Bruno est parti.

C’est une façon douce d’annoncer à ceux qui ne le savent pas encore le décès de notre ami Bruno Léchevin mercredi dernier. De façon totalement inattendue. De façon très brutale.

Hier, dimanche, je suis allé embrasser Marie-Claude, sa femme, Mathieu et Quentin, leurs fils. Au-delà de la tristesse et des larmes des uns et des autres, l’essentiel a été de nous souvenir, ensemble, de tout ce que Bruno avait fait de beau et de grand dans sa vie.

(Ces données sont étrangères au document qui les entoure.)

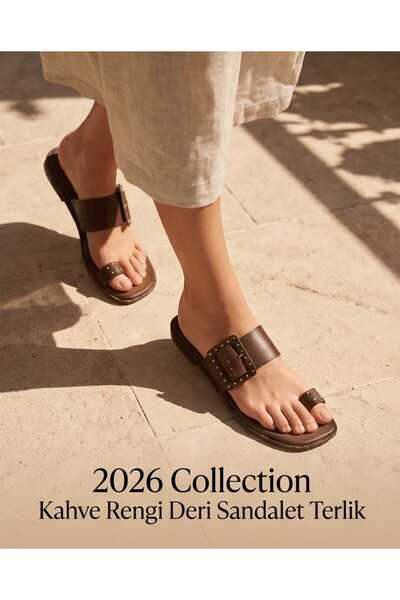 Lunexa Coffee Color Luxury Design Leather Women's Sandals Slippers – Daily Us...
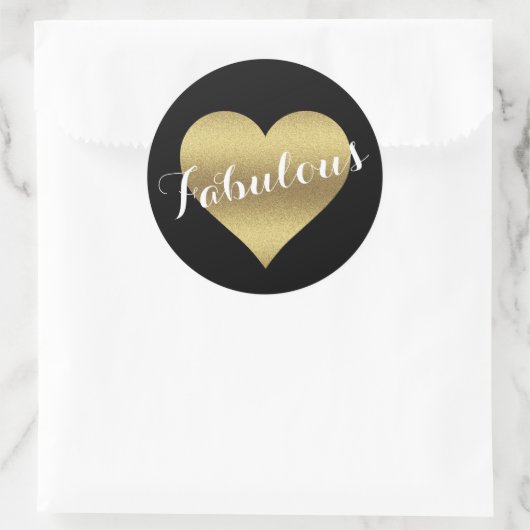 Fantastische Black & Gold Wedding Heart Party Stic Runder Aufkleber (Tasche)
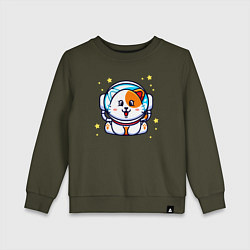 Свитшот хлопковый детский Котенок Астронавт, цвет: хаки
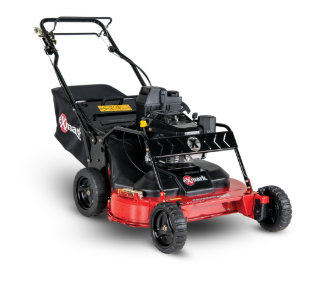 Red and black Exmark lawn mower with a grass catcher.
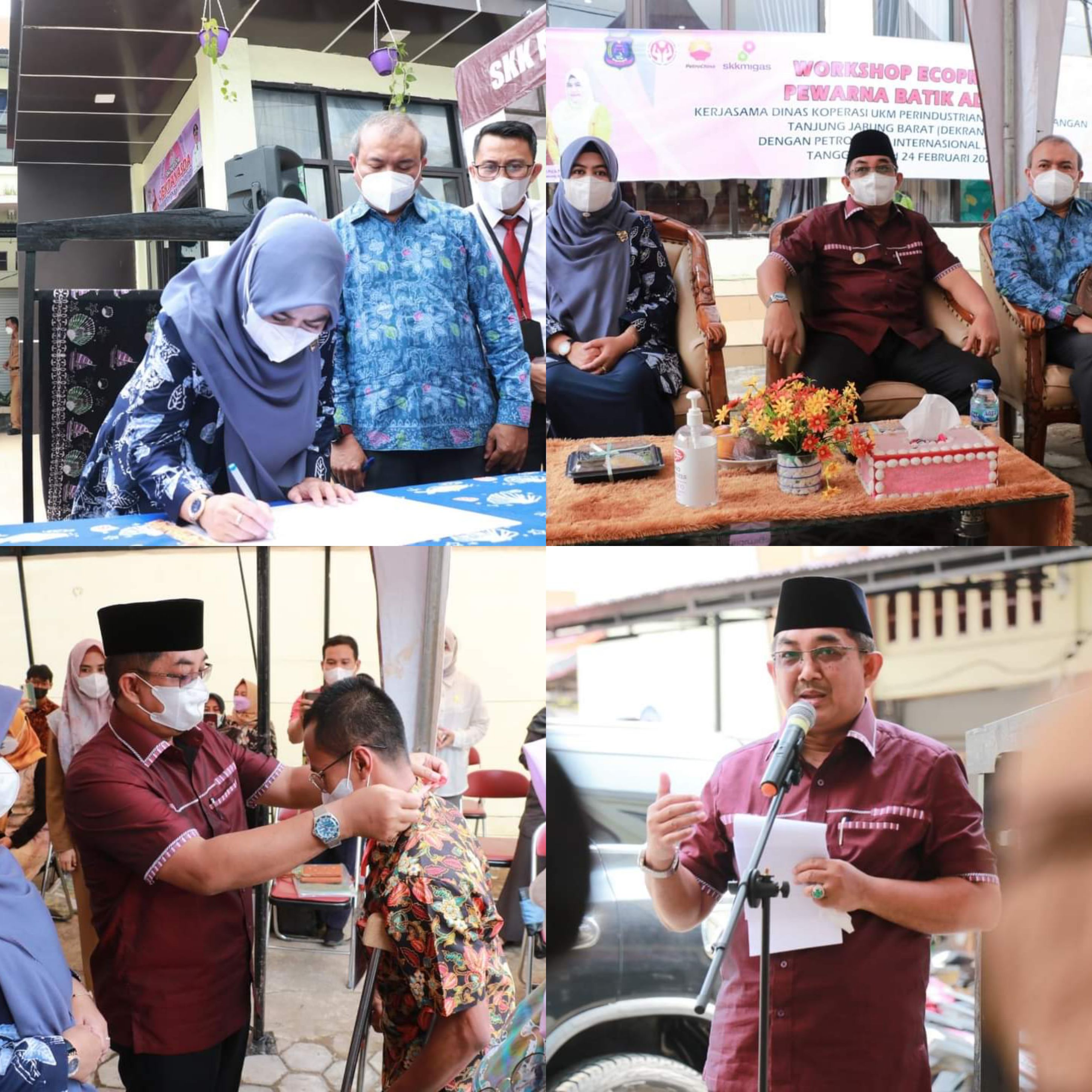 Bupati Dampingi Ketua TP-PKK Buka Workshop Ecoprint dan Showroom Dekranasda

Ses premiers engagements, il les fait à la Jeunesse Ouvrière Catholique dont il deviendra à 22 ans le Président. Il organisera notamment un rassemblement avec plus de 10 000 jeunes venus de toute la France.

Puis il entre à EDF comme magasinier et s’engage à la CFDT. Il prend une part active dans la réflexion en faveur de la semaine de 4 jours. En septembre 1993, avec une poignée d’amis, j’avais lancé le débat sur la semaine de 4 jours. Bruno avait été l’un des premiers à nous contacter pour nous rencontrer et nous faire venir devant d’autres responsables CFDT… En 1995, lors du Congrès de la CFDT à Montpelier, c’est lui qui obtient un vote massif sur un amendement affirmant que « la CFDT demande une Loi-cadre pour aller à 32 heures. »

Quelque temps plus tard, Bruno alors Secrétaire général de la CFDT Énergie organise la fusion avec la CFDT Chimie. Pour favoriser le rapprochement, il explique très clairement qu’il laisse la place de Secrétaire général au Secrétaire général de la fédération Chimie. Toujours la même volonté d’agir pour le bien commun sans se mettre en avant…

Je ne sais plus à quel moment il a créé Electriciens sans frontières. Une ONG qui intervient aux quatre coins du monde quand une catastrophe naturelle a mis à bas le réseau électrique. Adossée initialement aux moyens humains et matériels d’EDF, Electriciens sans frontières a grandi et gagné son « indépendance ». Cette ONG fait aujourd’hui un super travail pour répondre aux situations d’urgence mais aussi pour aider au développement durable dans toutes les zones où elle intervient.

Bruno est ensuite nommé par le gouvernement de Lionel Jospin à la Commission de Régulation de l’Energie. Lui qui était « seulement » menuisier, s’amuse d’être entouré d’énarques et de polytechniciens. Mais très vite, il sera respecté de tous. Son mandat sera renouvelé et, à la fin du second mandat, il sera nommé président de l’Agence de développement et de la maîtrise de l’énergie. Il est très vite apprécié du plus grand nombre et c’est là qu’il commence à s’engager vraiment sur les questions climatiques.

Il y a 18 mois, jeune retraité, il rejoint l’association que nous avons créée avec Jean Jouzel pour défendre l’idée d’un Pacte Finance-Climat. Il met ses réseaux et ses dons de manager au service de ce beau projet. Et il y a 6 mois, quand je suis élu député européen, il devient le Délégué général de l’association. Il était venu à Bruxelles il y a trois semaines, avec Édouard et Lucas, pour préparer l’évènement que nous voulons organiser en avril pour faire connaître nos idées du plus grand nombre de leaders européens. La précarité énergétique et la lutte contre le dérèglement climatique étaient LES causes majeures qui motivaient son engagement.

Tout au long de sa vie, Bruno a été un homme engagé au service des autres, dans les associations, dans le syndicalisme, dans les institutions. Il l’était tout autant familialement, et très souvent, le lundi matin, en réunion d’équipe de l’association, il nous contait le week-end familial avec tendresse.

Merci Bruno. Merci aussi à Marie-Claude sans qui rien de tout cela n’aurait été possible.